Set and map interfaces

(* THERE'S NO IMPLEMENTATION OF THIS *) signature COLLECTION = sig type 'a collection (* These functions are nearly always present*) val empty: 'a collection (* what parameters might this have? *) val map: ('a -> 'b) -> 'a collection -> 'b collection val app: ('a -> unit) -> 'a collection -> unit (* If the collection is ordered, there may be foldl and foldr *) val fold: (('a * 'b) -> 'b) -> 'b -> 'a collection -> 'b (* These functions are sometimes present *) val size: 'a collection -> int val exists: ('a -> bool) -> 'a collection -> bool val find: ('a -> bool) -> 'a collection -> 'a option val filter: ('a -> bool) -> 'a collection -> 'a collection end

When writing your own collection types, you ought to provide functions like this for the user. When looking to use a collection, you ought to try to use these functions before writing your own equivalent code.

Sets and maps are two common abstract data types; let's look at signatures for each of these, and how the two types relate.

signature SET = sig type 'a set val add: ('a set * 'a) -> 'a set val isMemberOf: ('a set * 'a) -> bool end

A set might also include other operations, such as
union, intersection, difference, isSubset, singleton
and the collection operations above, but all can be derived from
`add`

and `isMemberOf`

(and `empty`

).

signature MAP = sig type ('key, 'value) map val insert: (('key, 'value) map * 'key * 'value) -> ('key, 'value) map val find: (('key, 'value) map * 'key) -> 'value option end

A map might also have an operation to remove a binding. Maps
will probably also include general collection functions - `map`

,
`fold`

, etc, but one wrinkle with these is that when iterating
over the map, one might want to look at all keys, all values, or all
key, value pairs. Different map interfaces will provide one or more of
these options.

It is actually possible to implement sets in terms of maps, and maps in terms of sets. Consider the following:

(* sets in terms of maps *) val add (set, item) = insert (map, item, 1) (* or true or item or whatever *) val isMemberOf (set, item) = case find (map, item) of NONE -> false | SOME _ -> true (* maps in terms of sets - very mathematical *) val insert (map, key, value) = add set (key,value) val find (map, key) = member set (key, _)

Note that to make the latter implementation work, we must implement the set so that when it compares entries, it only compares the key part of each key, value pair.

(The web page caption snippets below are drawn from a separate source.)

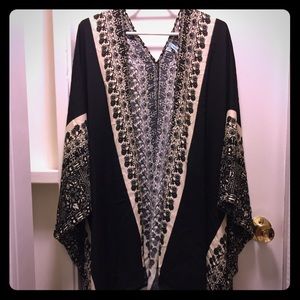 Maurice’s Women’s Kimono Wrap Top Size S/M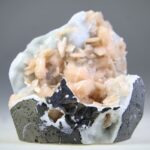 Stilbiet op blauwgrijze Chalcedoon (Lichtheid van bestaan)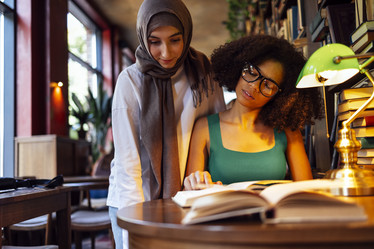 Similar image 21464590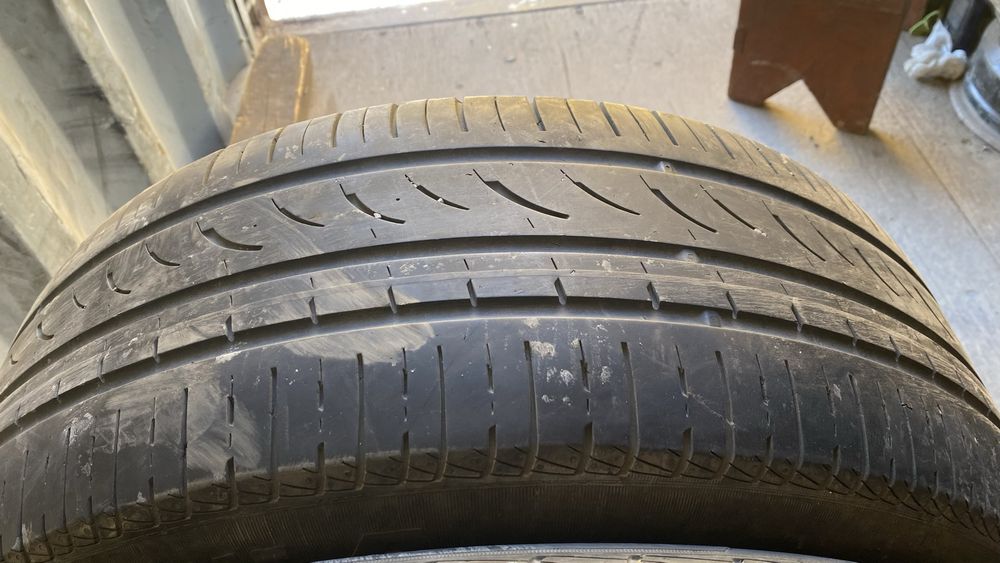 Шины Pirelli 215/55/17  2 шины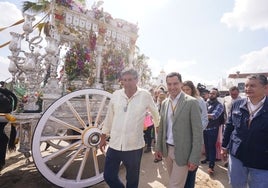 Juanma Moreno con una hermandad del Rocío en Sanlúcar de Barrameda.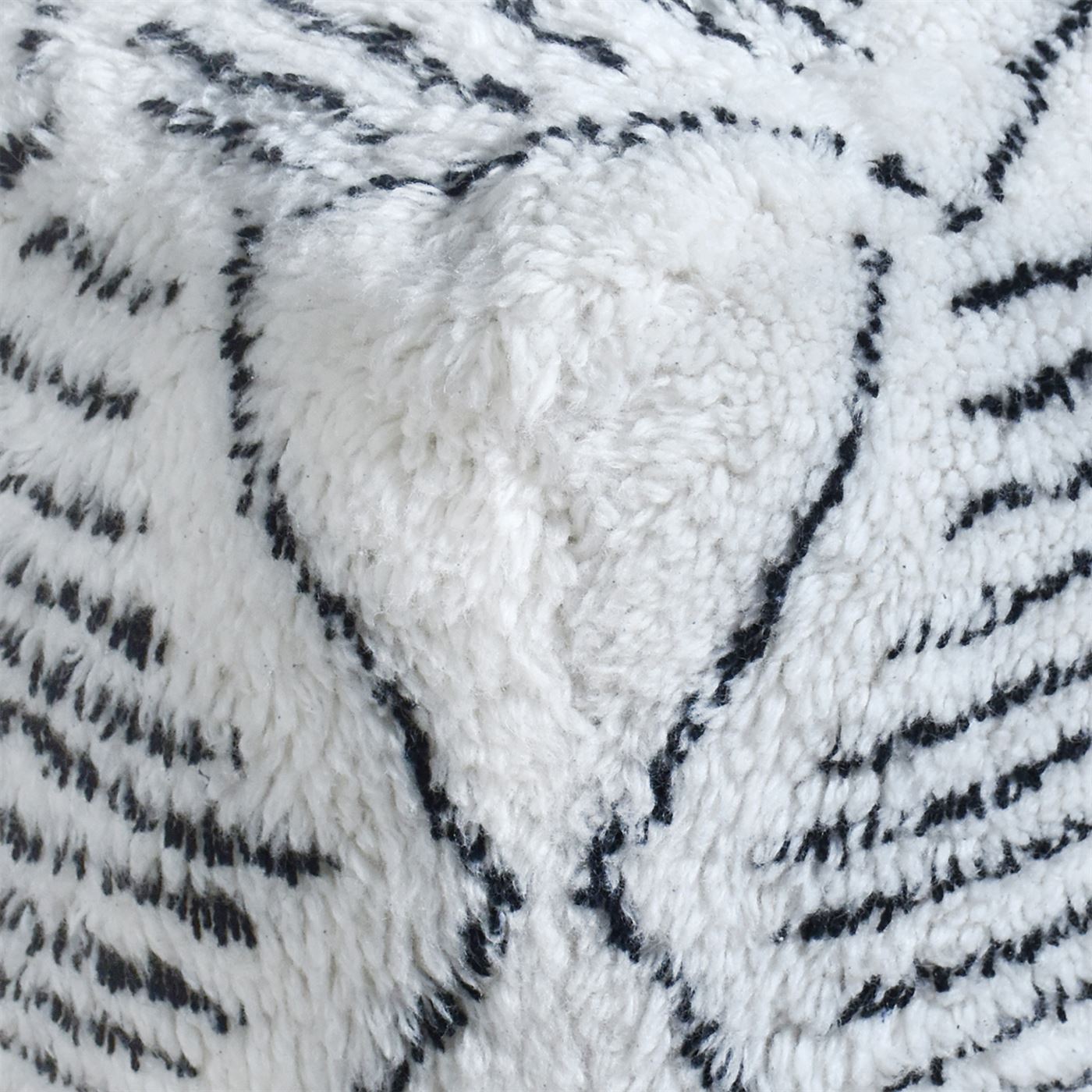 Bernay Pouf, Nz Wool, Natural White, Charcoal, Bm Sn, All Cut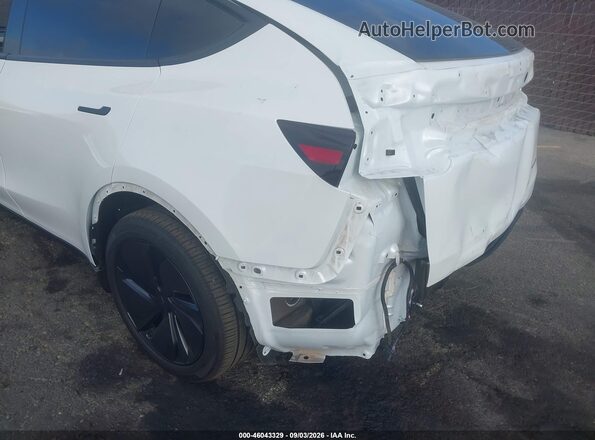 7SAYGDEE3TF568729 2026 TESLA MODEL Y White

Any implementation of a set or map depends on a way of comparing elements (or in the case of a map, comparing keys). What sort of comparison is required depends on the implementation. Let's consider implementations of a map. For an association list (see Recitation 8), only a notion of equality is needed. For a hashtable, we need both a notion of equality as well as a hash function from our key type to integers. Finally, for a tree-based implementation, we need a comparison function returning a total ordering.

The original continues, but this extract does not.